Or so they say, at least for certain workloads.
In January of 2015 I led a project to evaluate and select a next-generation storage platform that would serve as the central storage (sometimes referred to as an active archive or tier 2) for all workflows. We identified the following features as being key to the success of the platform:
- Utilization of erasure coding for data/failure protection (no RAID!)
- Open hardware and the ability to mix and match hardware (a.k.a. support heterogeneous environments)
- Open source core (preferred, but not required)
- Self-healing in response to failures (no manual processes required, like replacing a drive)
- Expandable online to exabyte-scale (no downtime for expansions or upgrades)
- High availability / fault tolerance (no single point of failure)
- Enterprise-grade support (24/7/365)
- Visibility (dashboards to depict load, errors, etc.)
- RESTful API access (S3/Swift)
- SMB/NFS access to the same data (preferred, but not required)
In hindsight, I wish we would have included two additional requirements:
- Transparently tier and migrate data to and from public cloud storage
- Span multiple geographic regions while maintaining a single global namespace
We spent the next ~1.5 years evaluating the following systems:
- Ceph (InkTank/RedHat/Canonical)
- Dell/EMC ECS
- Cleversafe / IBM COS
- HGST/WD ActiveScale
- NetApp StorageGRID
- Quantum Lattus
- QFS (Quantcast File System)
- AWS S3
- Sohonet FileStore
SwiftStack was the only solution that literally checked every box on our list of desired features, but that’s not the only reason we selected it over the competition.

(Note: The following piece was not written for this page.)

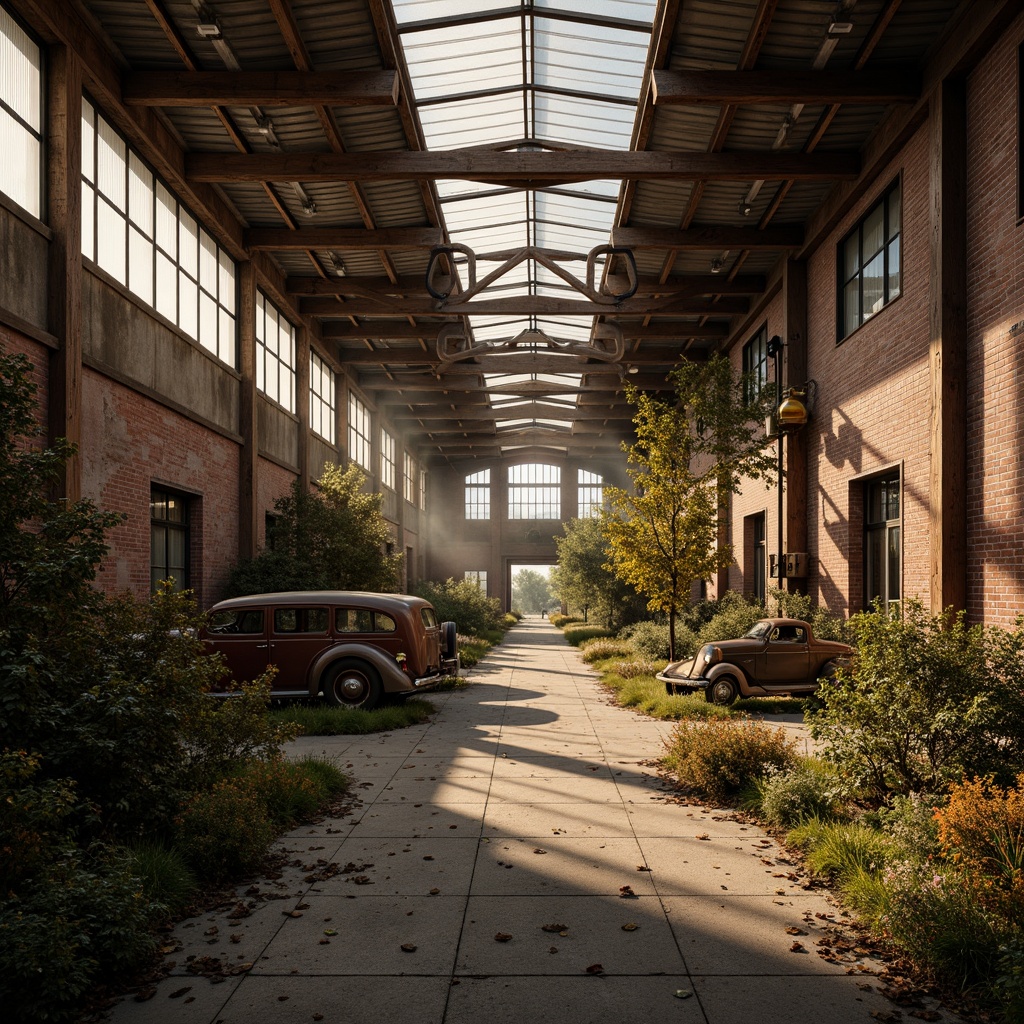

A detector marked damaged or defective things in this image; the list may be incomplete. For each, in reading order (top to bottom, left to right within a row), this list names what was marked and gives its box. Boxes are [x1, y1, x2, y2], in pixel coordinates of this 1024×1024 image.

abandoned classic car [202, 588, 458, 708]
abandoned classic car [660, 616, 852, 704]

The top three reasons behind our selection of SwiftStack were as follows:
- Speed – SwiftStack was—by far—the highest-performing object storage platform — capable of line speed and 2-4x faster than competitors. The ability to move assets between our “tier 1 NAS” and “tier 2 object” with extremely high throughput was paramount to the success of the architecture.
Note: While SwiftStack 1space was not a part of the SwiftStack platform at the time of our evaluation and purchase, it would have been an additional deciding factor in favor of SwiftStack if it had been.
Interesting. It should be noted that performance of Swift is a great match for some workloads, but not for others. In particluar, Swift is weak on small-file workloads, such as Gnocchi, which writes a ton of 16-byte objects again and again. The overhead is a killer there, and not just on the wire: Swift has to update its accounting databases each and every time a write is done, so that "swift stat" shows things like quotas. Swift is also not particularly good at HPC-style workloads, which benefit from a great bisectional bandwidth, because we transfer all user data through so-called "proxy" servers. Unlike e.g. Ceph, Swift keeps the cluster topology hidden from the client, while a Ceph client actually tracks the ring changes, placement groups and their leaders, etc.. But as we can see, once the object sizes start climbing and the number of clients increases, Swift rapidly approaches the wire speed.
I cannot help noticing that the architecture in question has a front-facing cache of pool (tier 1), which is what the ultimate clients see instead of Swift. Most of the time, Swift is selected for its ability to serve tens of thousands of clients simultaneously, but not in this case. Apparently, the end-user invented ProxyFS independently.
There's no mention of Red Hat selling Swift in the post. Either it was not part of the evaluation at all, or the author forgot about it for the passing of time. He did list a bunch of rather weird and obscure storage solutions though.